The first measurement of the frequency response of the amplifier was carried out in “Peak Hold” mode and the measuring transmitter was tuned by hand. The following picture shows the relative frequency response (attenuators were still inserted in the test setup). Absolute values follow later in this report.
The marker frequencies and levels are (from left to right):
M1: 2161 MHz -42.5dBm (actual value is lower, the result is limited by the dynamics of the measurement setup, later measurements show at least 60dB suppression)
M2: 2264 MHz -8.6dBm
M3: 2400 MHz -4.6dBm
M4: 2588 MHz -9.0 dBm
In a further measurement, the absolute gain of the amplifier was measured using the tracking generator built into the spectrum analyzer.
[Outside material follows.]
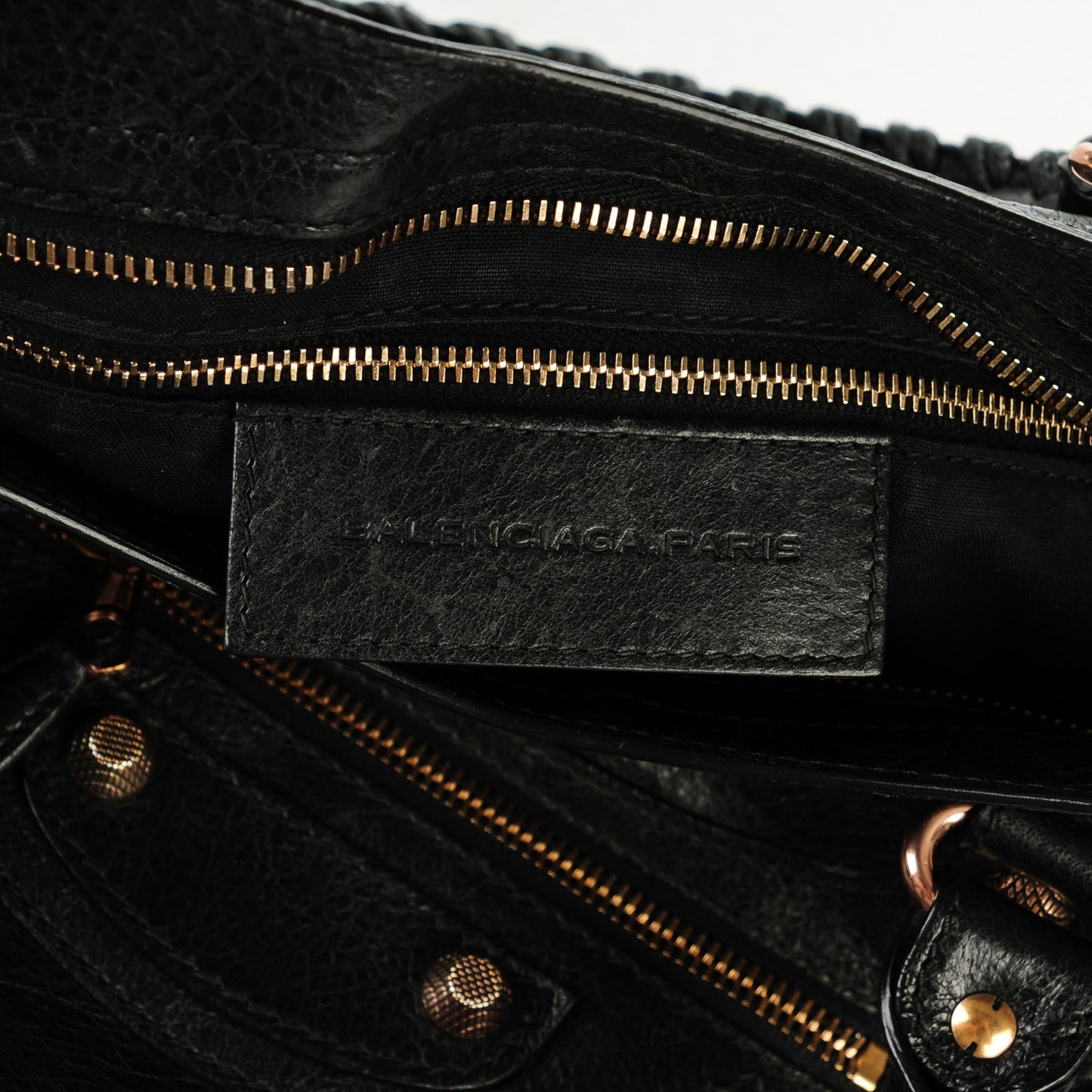 Agneau Giant 12 Rose Gold Hardware City Black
The structure was first normalized, then the amplifier with a 30dB attenuator was added to the output. The level of the tracking generator was set to 0dBm.
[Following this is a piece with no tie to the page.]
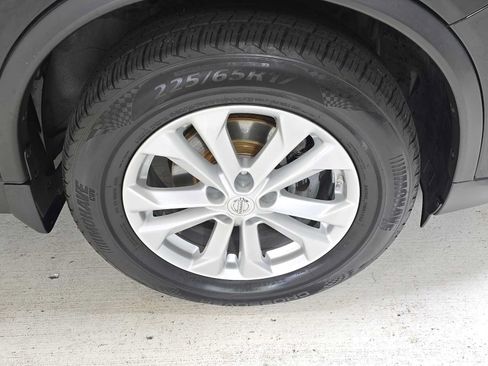 Used 2014 Nissan Rogue SV w/ SV Premium Package AWD/4WD image 9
Here are some roughly calculated gain values as a function of frequency:
|1500 MHz||-70 dB||-40dB|
|2000 MHz||-70 dB||-40 dB|
|2100 MHz||-70 dB||-40 dB|
|2200 MHz||-40 dB||-10 dB|
|2300 MHz||-13 dB||+ 17dB|
|2400 MHz||-11 dB||+19 dB|
|2600 MHz||-15 dB||+15 dB|
|3000 MHz||-43 dB||-13 dB|
As can be seen, the input filters work extremely well. With a transmission concept with a transmission IF of 435 MHz, the local oscillator is at 1965 MHz. A possible breakdown of the local oscillator in the transmitter is thus suppressed with at least 60dB.
Here is a measurement of the output power and the gain of this 1st specimen as a function of the input power. Since the measuring transmitter delivers a maximum of + 15dBm, only the P1dB with 33dBm = 2W could be determined, but not the maximum output power.
The linear gain is 20dB. A drain efficiency of 26% was determined at an output power of 2.4W.